Leaving Academia after the PhD: One Year After


February 19, 2017

After the PhD: Academia or industry?

As I entered into the last six months of my PhD project, I started looking more seriously and concretely for my next position. I had, almost since the beginning of my project, kept an eye out for interesting research groups and companies as I came across them, but at this point I started looking more specifically at open positions.

But there was still one big decision I hadn’t made: Stay in academia or leave for the industry?

I was happy to work in academia. I liked the independent way of working there, and I liked that there was room for curiosity and a focus on investigating problems that nobody had looked at before.

But the perspectives for a career in academia were not particularly appealing. I saw many people that had stayed in academia after their successful PhDs. They had gone somewhere for a first postdoc, and now they were on their second or third postdoc.

They were still not in a permanent position, and the prospect of getting into one was at best unclear. They had made an investment in academia after their PhDs, and now they spent more time applying for the next grant to secure the next time-limited employment than on the reason they were there in the first place, the research.

Therefore, I started looking at positions both in academia and in industry. I got in touch with professors at universities abroad and started communicating with them about possibly doing a postdoc there. And I looked at companies with open positions of interest, both in Denmark and abroad.

In the end I focused mostly on industry positions, and in leaning towards an industry position I asked myself what I might miss about academia if I did go for a position in industry. The most important things I’d potentially miss from academia were:

Room for being curious.

Problems that nobody looked at before.

Presentation and dissemination of research.

I tried to keep these things in mind when I was looking at positions in industry.
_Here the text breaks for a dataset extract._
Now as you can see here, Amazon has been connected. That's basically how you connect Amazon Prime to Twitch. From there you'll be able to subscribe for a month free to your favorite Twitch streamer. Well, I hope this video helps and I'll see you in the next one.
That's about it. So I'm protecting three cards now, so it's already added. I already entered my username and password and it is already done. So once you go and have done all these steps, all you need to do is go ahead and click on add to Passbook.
About three months before finalizing my contract at the university I signed a contract with the company TICRA; I’d start with them in a position as research engineer shortly after finishing my PhD.

It has now been a year since I started with TICRA, and I believe that it is a good time to look back at the transition from academia to industry.

Year one in industry

During the first year at TICRA, I’ve had quite a lot of time to learn the, to me, relatively new field of radio frequency antennas on satellites. I spent several months on reading textbooks, journal papers, and manuals to learn the software that we develop and sell, and in addition to reading and self-study I went for two one week courses abroad.
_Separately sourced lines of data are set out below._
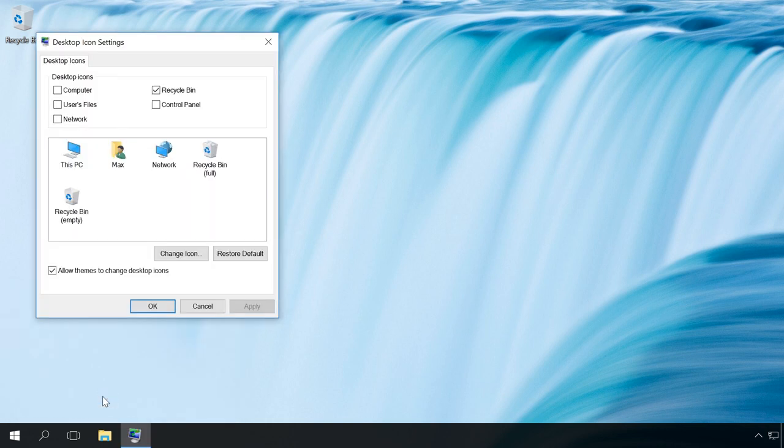Now you can check the necessary desktop icons just as we did before and then click Apply and OK.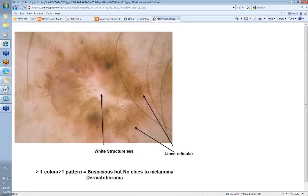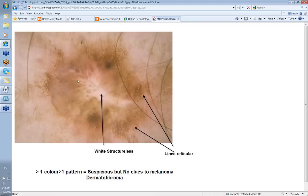There can be other non-melanocytic lesions that can look dark like a melanoma — and this is one: a dermatofibroma. It can have lines reticular around the outside, because there's irritation of the melanocytes in the overlying epidermis, causing them to produce more melanin, giving this lines reticular pattern. Of course you've got a white central structureless pattern that's typical of the fibrosis of a dermatofibroma. So more than one color and pattern — suspicious — but no clues for melanoma. This was a dermatofibroma.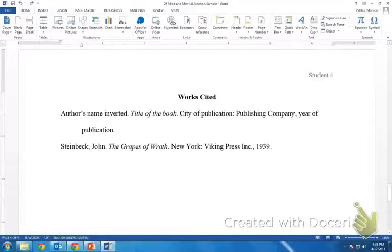This is the example of what a Works Cited entry would look like for The Grapes of Wrath by John Steinbeck. Here you can see what information you need and how it should look.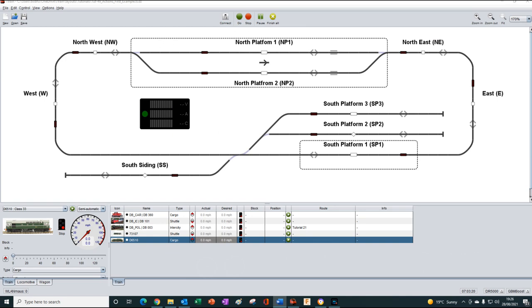Welcome back. We're now going to create our first simple action. Remember, we saw in the last tutorial that an action is a function that executes a list of commands when certain conditions are met. We also learnt that an event is the precise moment that an object changes from one state to another, creating an edge which can be detected. The action we are going to create is one that turns on a light on the layout in response to a feedback sensor sensing the occupancy of a train in a block.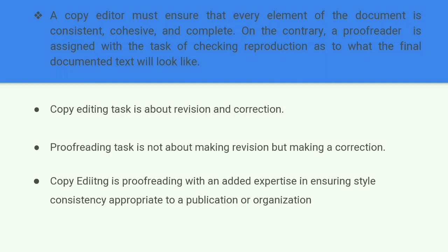Copy editing is proofreading with added expertise in ensuring style consistency appropriate to a publication or organization. As discussed earlier, copy editors have that responsibility — they should uphold the ideologies, norms, and rules that the publisher holds. A copy editor is not simply a glorified spell checker; a copy editor is your partner in publication. If you are publishing a book, the copy editor's role is very important throughout the whole publication process. To copy edit a document is to proofread it with the added expectation of ensuring style consistency with other content from the company or publication.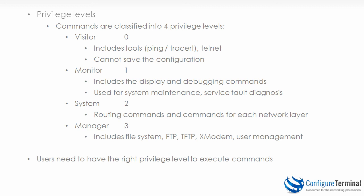The third privilege level is system or privilege level two. This allows the user to use routing commands and commands for each network layer, and is used to provide direct network service to the user.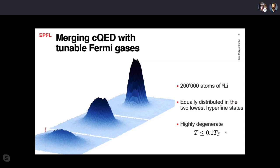We can characterize the gas: once cooled below the critical temperature we observe the onset of superfluidity, including the formation of a molecular Bose-Einstein condensate at low temperatures. We have around 200,000 atoms equally distributed between two hyperfine states, cooled to as low as 0.1 times the Fermi temperature, at which the system is definitely in the superfluid phase.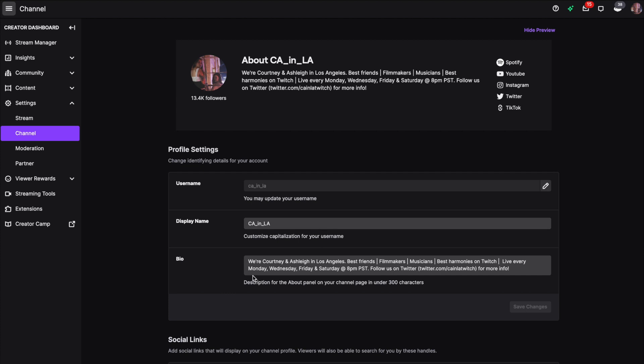The reason why your bio is important is because that's going to be the first thing that people read as soon as they jump on your channel. Keep in mind you can only use 300 characters.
This period was thus fairly similar to the initial period of my PhD project, where I also spent a lot of time on reading to get up to speed in the new field. But my prejudice, that in industry there is no room for contemplation, was proven wrong; TICRA made a significant investment in this initial period.

After the introductory period, I worked on a number of smaller and larger projects. Some of these projects mostly consisted of engineering work; analyze a given system and report the performance or design a system according to more or less well-established knowledge and principles. Being relatively new to the field, these projects taught me a lot and were a convenient practical addition to the introductory study and reading.
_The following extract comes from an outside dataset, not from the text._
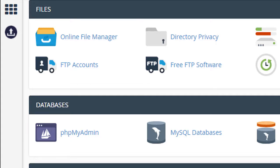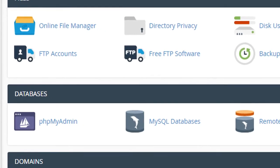Hello everyone, today in this video I will show you how to upgrade or update the PHP version in cPanel. It's very easy and simple — open cPanel.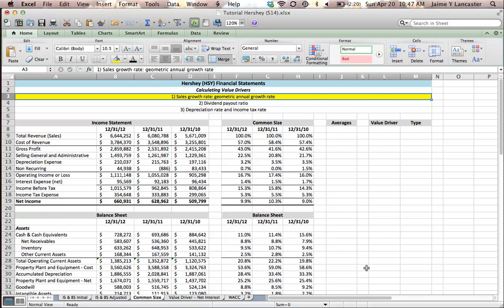To do this, we need to calculate the geometric annual growth rate. It's the same type of growth rate we used when calculating dividend growth using the Gordon model, when we had to figure out how much larger dividends are going to get each year.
Other projects mostly consisted of research work, typically in relation to R&D projects that TICRA is working on for the European Space Agency (ESA). The goal of such projects is, for example, to develop new technologies and new concepts for future Space missions, and by virtue of being research projects they typically contain problems that nobody looked at before.

One aspect of working with TICRA that always appealed to me is that the company attends conferences. Not only with a sales booth, but also to present papers. The material for these papers is typically research or new software developments, often from ESA projects.

During my first year, I have contributed to a couple of workshop and conference papers, and next month I’ll present my first in-industry research paper at a large European conference.

Finally, I worked on our software maintenance and development projects, of which I was the project manager on two. In this role, I was the non-technical link between the software developers, antenna engineers, and sales team, and it was my responsibility to coordinate and to keep the project on track and schedule. It was a very different role, but it taught me a lot about project management, a skill that I did not learn anything about during the PhD.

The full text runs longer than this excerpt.